*** Task inputs ***

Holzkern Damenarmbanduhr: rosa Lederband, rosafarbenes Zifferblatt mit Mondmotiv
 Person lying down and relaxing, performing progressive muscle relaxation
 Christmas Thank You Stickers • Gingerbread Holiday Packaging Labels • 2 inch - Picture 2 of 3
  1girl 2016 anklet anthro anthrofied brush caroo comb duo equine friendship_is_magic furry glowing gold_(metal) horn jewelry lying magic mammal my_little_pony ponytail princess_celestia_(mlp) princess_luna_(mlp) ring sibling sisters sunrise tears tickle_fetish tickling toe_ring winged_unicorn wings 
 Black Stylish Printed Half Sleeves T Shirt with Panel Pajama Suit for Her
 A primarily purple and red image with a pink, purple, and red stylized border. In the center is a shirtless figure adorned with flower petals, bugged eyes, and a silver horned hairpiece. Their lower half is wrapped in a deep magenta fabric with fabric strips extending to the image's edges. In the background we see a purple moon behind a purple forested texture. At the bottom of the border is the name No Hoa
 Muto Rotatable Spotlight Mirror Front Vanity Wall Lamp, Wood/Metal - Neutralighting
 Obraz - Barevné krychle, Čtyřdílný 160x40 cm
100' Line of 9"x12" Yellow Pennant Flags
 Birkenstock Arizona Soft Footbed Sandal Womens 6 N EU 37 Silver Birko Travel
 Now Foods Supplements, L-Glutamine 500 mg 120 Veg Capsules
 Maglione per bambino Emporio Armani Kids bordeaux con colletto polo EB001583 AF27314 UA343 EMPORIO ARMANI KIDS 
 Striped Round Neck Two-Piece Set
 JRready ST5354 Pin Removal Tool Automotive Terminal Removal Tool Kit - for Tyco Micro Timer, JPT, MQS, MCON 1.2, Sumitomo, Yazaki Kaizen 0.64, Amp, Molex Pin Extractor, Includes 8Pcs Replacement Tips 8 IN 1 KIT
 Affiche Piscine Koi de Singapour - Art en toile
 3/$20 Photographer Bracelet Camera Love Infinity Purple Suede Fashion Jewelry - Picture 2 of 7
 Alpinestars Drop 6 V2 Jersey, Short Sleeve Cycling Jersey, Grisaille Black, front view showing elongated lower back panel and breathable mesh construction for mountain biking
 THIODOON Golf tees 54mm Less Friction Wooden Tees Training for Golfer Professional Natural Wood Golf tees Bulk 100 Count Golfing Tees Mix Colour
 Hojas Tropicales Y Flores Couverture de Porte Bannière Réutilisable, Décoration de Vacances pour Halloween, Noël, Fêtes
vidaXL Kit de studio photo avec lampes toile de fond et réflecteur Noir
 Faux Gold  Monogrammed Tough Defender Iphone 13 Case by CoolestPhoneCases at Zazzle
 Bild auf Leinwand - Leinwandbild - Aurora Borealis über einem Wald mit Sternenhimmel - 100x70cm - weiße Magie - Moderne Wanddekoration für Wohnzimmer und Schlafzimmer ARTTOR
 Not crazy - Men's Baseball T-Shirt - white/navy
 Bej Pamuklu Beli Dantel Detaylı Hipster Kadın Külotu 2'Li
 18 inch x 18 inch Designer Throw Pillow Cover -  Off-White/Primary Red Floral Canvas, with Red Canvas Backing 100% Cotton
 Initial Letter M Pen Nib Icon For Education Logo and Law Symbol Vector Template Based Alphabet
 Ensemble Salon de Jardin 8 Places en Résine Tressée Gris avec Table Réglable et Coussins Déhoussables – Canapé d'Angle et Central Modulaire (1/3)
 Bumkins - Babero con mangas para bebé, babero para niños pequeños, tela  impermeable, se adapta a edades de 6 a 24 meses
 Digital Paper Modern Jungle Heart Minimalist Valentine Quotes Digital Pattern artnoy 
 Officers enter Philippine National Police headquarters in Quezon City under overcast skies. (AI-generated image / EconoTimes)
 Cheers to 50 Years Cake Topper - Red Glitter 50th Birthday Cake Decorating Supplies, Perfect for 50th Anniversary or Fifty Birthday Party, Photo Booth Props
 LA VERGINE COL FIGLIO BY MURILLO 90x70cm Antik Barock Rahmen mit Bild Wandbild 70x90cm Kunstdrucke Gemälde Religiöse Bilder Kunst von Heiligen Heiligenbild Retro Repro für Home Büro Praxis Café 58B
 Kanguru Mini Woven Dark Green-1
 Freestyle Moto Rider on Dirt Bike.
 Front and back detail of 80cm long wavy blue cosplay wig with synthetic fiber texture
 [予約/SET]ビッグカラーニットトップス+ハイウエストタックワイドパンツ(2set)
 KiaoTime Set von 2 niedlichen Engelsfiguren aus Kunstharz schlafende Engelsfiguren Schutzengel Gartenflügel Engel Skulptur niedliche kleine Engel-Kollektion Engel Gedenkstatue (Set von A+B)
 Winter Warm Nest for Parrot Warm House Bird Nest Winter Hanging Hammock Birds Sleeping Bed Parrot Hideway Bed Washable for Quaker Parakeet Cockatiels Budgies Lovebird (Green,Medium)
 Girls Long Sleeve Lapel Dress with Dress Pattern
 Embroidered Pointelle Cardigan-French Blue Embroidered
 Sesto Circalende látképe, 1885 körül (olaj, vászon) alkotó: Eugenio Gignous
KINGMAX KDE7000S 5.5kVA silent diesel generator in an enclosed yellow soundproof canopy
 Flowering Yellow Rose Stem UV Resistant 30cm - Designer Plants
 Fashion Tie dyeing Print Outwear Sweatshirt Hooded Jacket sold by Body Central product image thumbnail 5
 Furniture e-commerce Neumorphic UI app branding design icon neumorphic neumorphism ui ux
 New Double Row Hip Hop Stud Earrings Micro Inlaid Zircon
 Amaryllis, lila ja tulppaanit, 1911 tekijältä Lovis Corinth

*** End of Task inputs ***

Begin with the first line of the listing and copy exactly through the line that contains "Christmas Thank You", please, keeping both ends and leaving out everything after.

Result
Holzkern Damenarmbanduhr: rosa Lederband, rosafarbenes Zifferblatt mit Mondmotiv
 Person lying down and relaxing, performing progressive muscle relaxation
 Christmas Thank You Stickers • Gingerbread Holiday Packaging Labels • 2 inch - Picture 2 of 3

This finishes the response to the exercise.